Of course rainfall is very important, and in both countries precipitation amounts have risen in recent years. In Burkina Faso, annual amounts rose from 798.04 mm in the period 1961-1990 to 831.07 mm in 1991-2020, while in Mali the rise over the same period was 313.7 mm to 328.93 mm. Meanwhile, in the course of the BBC story, it is claimed that Senegal is seeing "decreasing rainfall as a result of climate change". Not according to World Bank figures which show an annual rise in precipitation from 707.87 mm in 1961-1990 to 722.91 mm in the latest 30-year period.

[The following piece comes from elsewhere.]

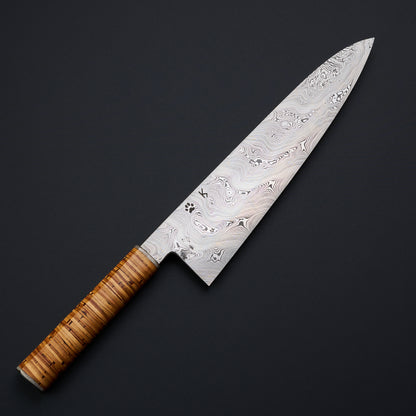 Reverse side of the Johnsson × Krichbaum Björkmans Twist gyuto with maker’s mark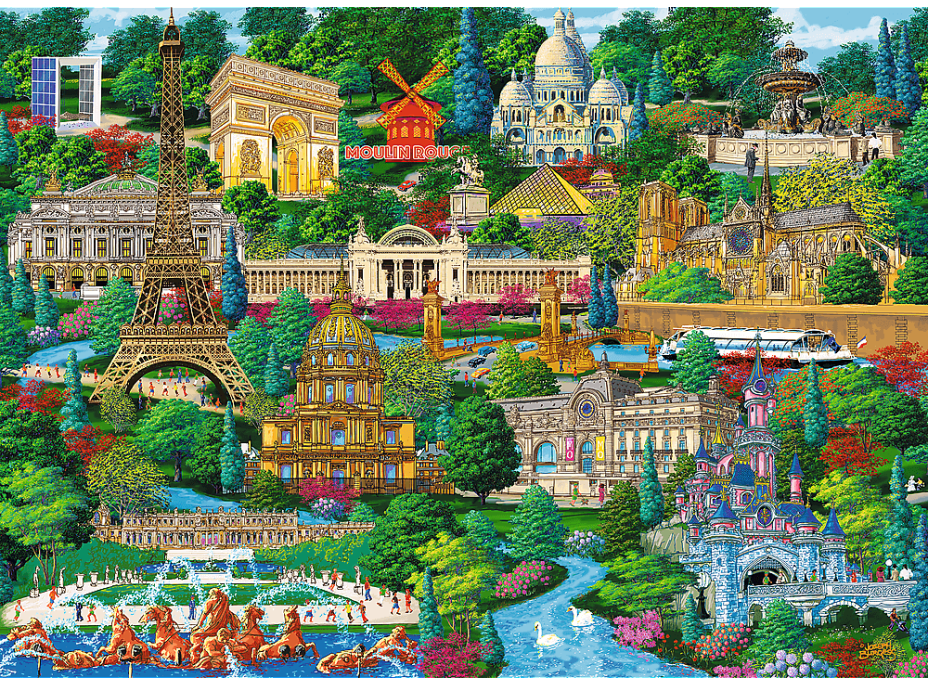 TREFL Drevené puzzle Slávne francúzske miesta 1000 dielikov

Overall then, the great story missing from the headlines is that the Sahel is slowly turning green. A few thousand years ago the Sahara desert was full of vegetation. Natural process and climate change turned it into a desert, a process that can easily go into reverse. The desert has shown a greener image over the last 15 years notes Britannica with heavier summer rainfalls reported. "This is a blessing for the desert as the vegetation recovers," it notes. Sub-Saharan Africa is a difficult place to make a living on the land. The area needs aid in the form of inorganic fertilisers to improve the soil and hydrocarbon power to boost productivity. But more rain from the heavens and higher levels of CO2 all have a part to play. What it really doesn't need is the BBC and the Guardian spreading nonsense stories inspired by green billionaires about the mortuaries filling up because hot countries have a few hot days.